Les choix de réalisation de Rabah Ameur-Zaimèche sont peu communs. Nombreux plans larges, points d’écoutes orientés sur le paysage sonore plutôt que sur les dialogues des personnages (cf. onglet Analyse), longues focales, plans d’objets, de paysages… Comme le personnage, le spectateur n’est jamais vraiment avec les gens. Kamel se poste en observateur critique et la mise en scène va traduire cette attitude. Par exemple, la caméra souvent placée à distance des personnages les saisis fréquemment en zoomant ou en utilisant de longues focales. Ce type d’objectif (utilisé par les paparazzis) permet justement de se rapprocher visuellement de la personne filmée sans changer physiquement de place.
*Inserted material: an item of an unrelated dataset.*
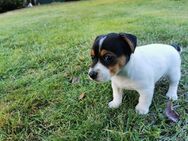 Jack Russel Welpen ❤️ - Raben Steinfeld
Le réalisateur donne à ce film une dimension plus poétique que dans son précédent. Il insère des plans contemplatifs (paysages algériens, scènes de rues) qu’il fait durer mais aussi des périodes musicales intégrées à l’histoire comme ces deux séquences où l’on voit le musicien dont on entend la musique ainsi que le réalisateur/acteur regarder au loin (52’24 et. Ces pauses dans le récit ouvrent des instants de réflexion pour le spectateur. Les réverbérations étirées de la musique et l’attitude de Rabah / Kamel donne au film cette teinte mélancolique, vague à l’âme ou mal du pays…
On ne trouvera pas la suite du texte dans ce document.